Extracted data:
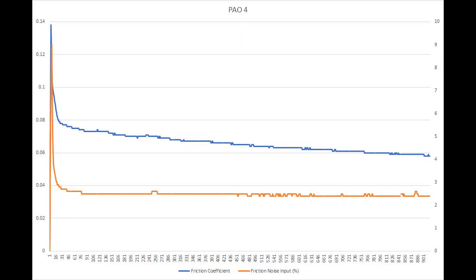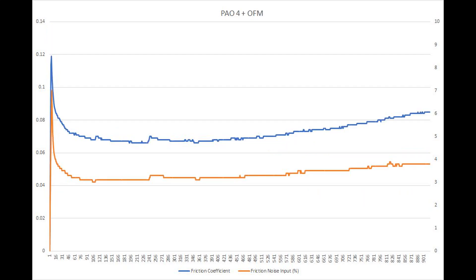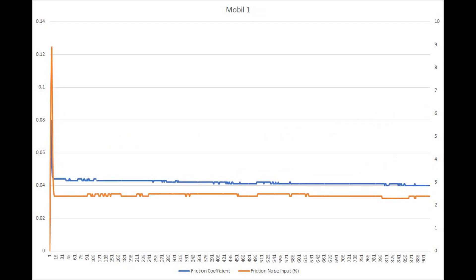Three fluids have been tested so far: PAO4, PAO4 with organic friction modifier, and MOBILE1. All three give very different frictional responses, with MOBILE1 producing the lowest level of friction. Why PAO4 with OFM produces higher friction than straight PAO4 is unclear — if you have any ideas, let us know.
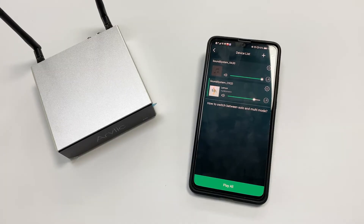In this video, I'm going to show you how to set up our device with our application for Stream.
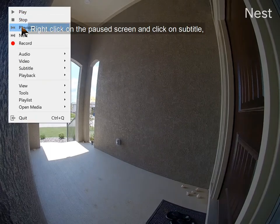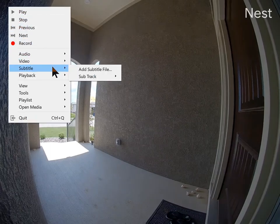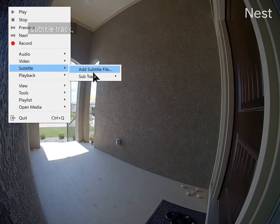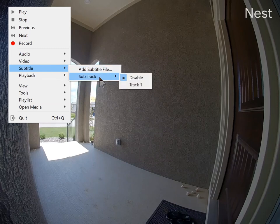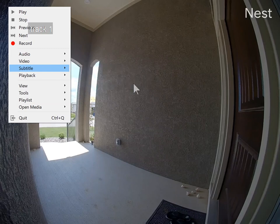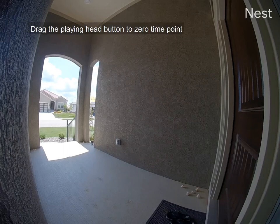Right-click on the paused screen and click on Subtitle, then Subtitle Track, then Track 1. Drag the playing head button to the zero time point.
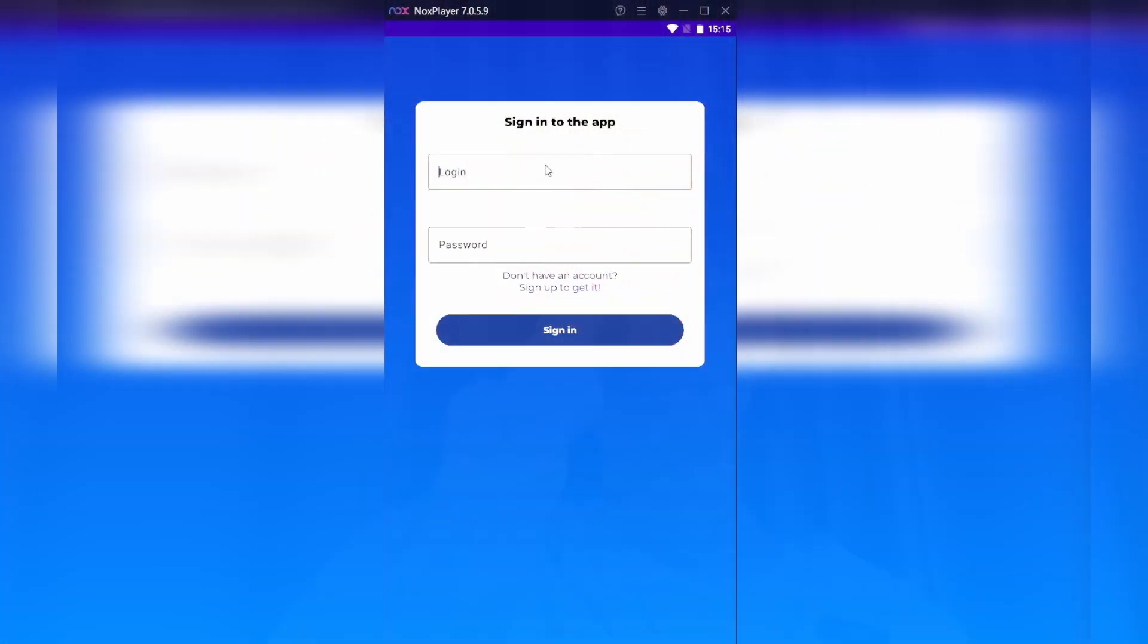Hello dear customers of SMS Man, and today I'd like to speak with you about our new brand app. Let's go! As you know, we got a website where we can easily buy a new phone number for any service registration. Now you can also do it in our new free Android app.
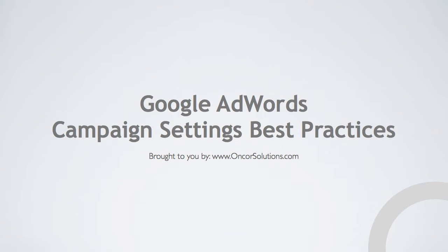Welcome to Google AdWords Campaign Settings Best Practices, brought to you by EncoreSolutions.com. In this video, we'll look at some best practices for setting up Google AdWords campaigns.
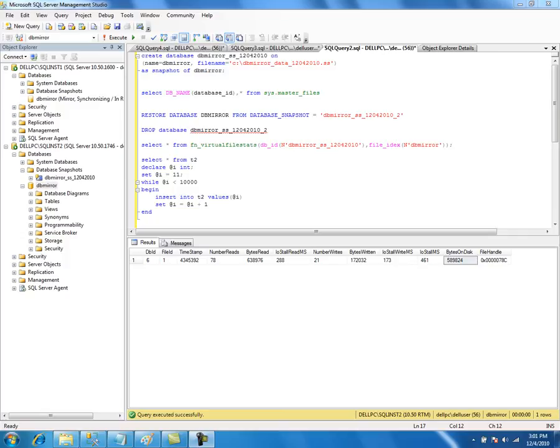The limitations of database snapshots: snapshots are available in enterprise edition only, not in standard or any other edition. You cannot have snapshots in one instance and the source database in another instance. You cannot detach, attach, drop, or restore a source database that has existing snapshots. Whatever permissions the source database has at the time of creating a snapshot, the snapshot will have the same permissions. Source snapshots cannot be backed up or restored, and you cannot insert any transactions or records into a snapshot.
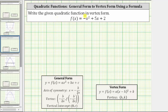We are asked to write the given quadratic function in vertex form. Notice right now the quadratic function is in general form. To write the function from general form to vertex form, we will determine the vertex of the parabola using this formula. Once we determine the vertex, this will give us h and k in vertex form, and the value of a in vertex form is the same as the value of a in general form.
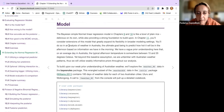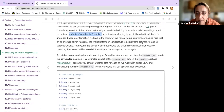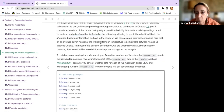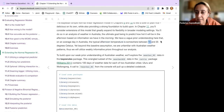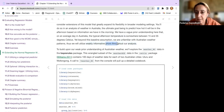We have seen some analysis on the weather of Australia — information about the afternoon and morning temperatures. On an average day in Australia, the typical afternoon temperature is between 15 and 35 degrees Celsius. We want to look at this weekly information and set up a prior to go through our analysis.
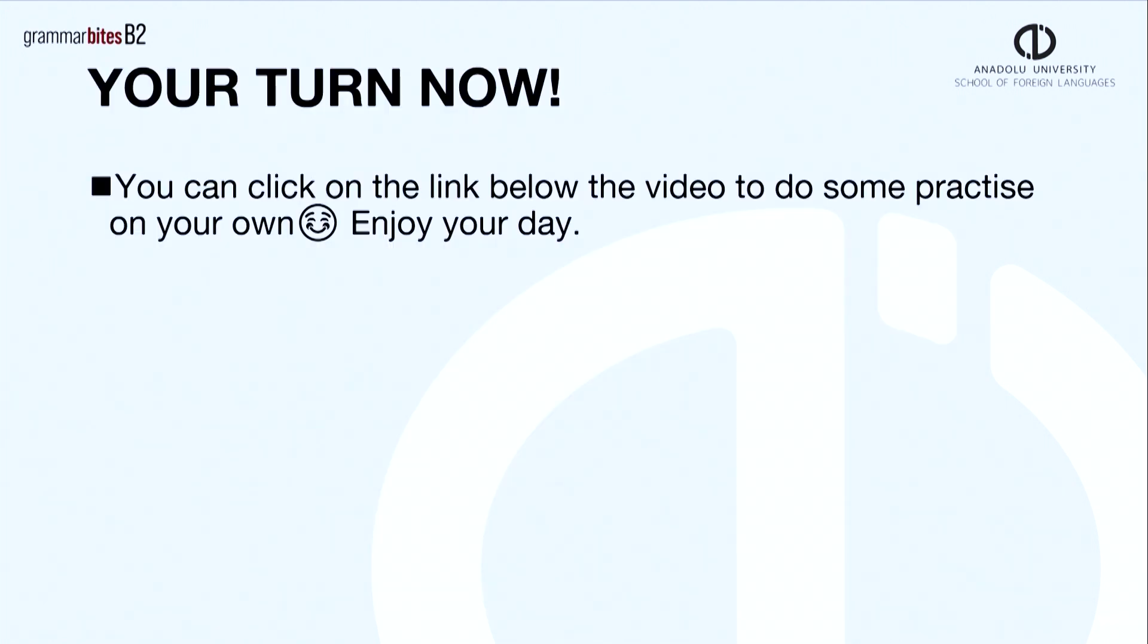Thanks for listening and this is the end of my presentation. You can click on the link below the video to do some practice on your own. Have a nice day.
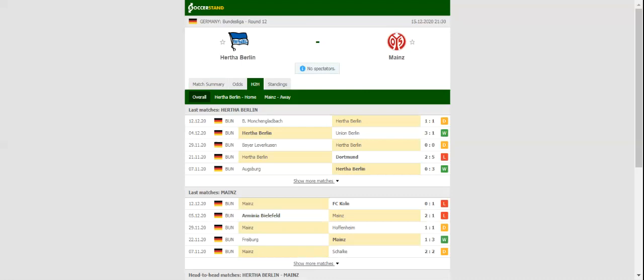Die Nullfünfer have been struggling in the German top flight this season, and seeing that Hertha are a real force to be reckoned with at home, we predict that the visitors are going to return to Mainz empty-handed.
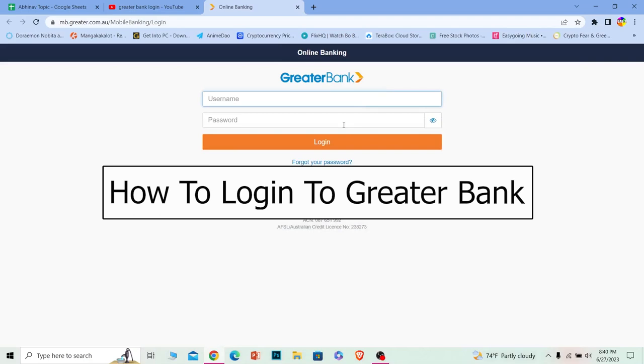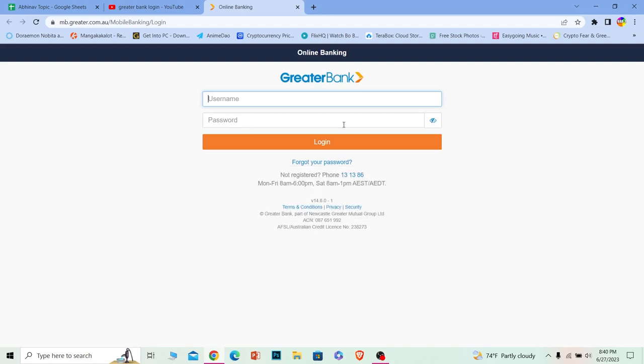In this video I'm going to be teaching you how you can log into Greater Bank's online banking account. It's pretty simple, so follow the steps which I'm going to be showing you.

Exercise:
Quote the material exactly. Pictures stay out.

Answer to the exercise:
Three fluids have been tested so far: PAO4, PAO4 with organic friction modifier, and MOBILE1. All three give very different frictional responses, with MOBILE1 producing the lowest level of friction. Why PAO4 with OFM produces higher friction than straight PAO4 is unclear — if you have any ideas, let us know.
In this video, I'm going to show you how to set up our device with our application for Stream.
Right-click on the paused screen and click on Subtitle, then Subtitle Track, then Track 1. Drag the playing head button to the zero time point.
Hello dear customers of SMS Man, and today I'd like to speak with you about our new brand app. Let's go! As you know, we got a website where we can easily buy a new phone number for any service registration. Now you can also do it in our new free Android app.
Welcome to Google AdWords Campaign Settings Best Practices, brought to you by EncoreSolutions.com. In this video, we'll look at some best practices for setting up Google AdWords campaigns.
The limitations of database snapshots: snapshots are available in enterprise edition only, not in standard or any other edition. You cannot have snapshots in one instance and the source database in another instance. You cannot detach, attach, drop, or restore a source database that has existing snapshots. Whatever permissions the source database has at the time of creating a snapshot, the snapshot will have the same permissions. Source snapshots cannot be backed up or restored, and you cannot insert any transactions or records into a snapshot.
We are asked to write the given quadratic function in vertex form. Notice right now the quadratic function is in general form. To write the function from general form to vertex form, we will determine the vertex of the parabola using this formula. Once we determine the vertex, this will give us h and k in vertex form, and the value of a in vertex form is the same as the value of a in general form.
We have seen some analysis on the weather of Australia — information about the afternoon and morning temperatures. On an average day in Australia, the typical afternoon temperature is between 15 and 35 degrees Celsius. We want to look at this weekly information and set up a prior to go through our analysis.
Thanks for listening and this is the end of my presentation. You can click on the link below the video to do some practice on your own. Have a nice day.
Die Nullfünfer have been struggling in the German top flight this season, and seeing that Hertha are a real force to be reckoned with at home, we predict that the visitors are going to return to Mainz empty-handed.
In this video I'm going to be teaching you how you can log into Greater Bank's online banking account. It's pretty simple, so follow the steps which I'm going to be showing you.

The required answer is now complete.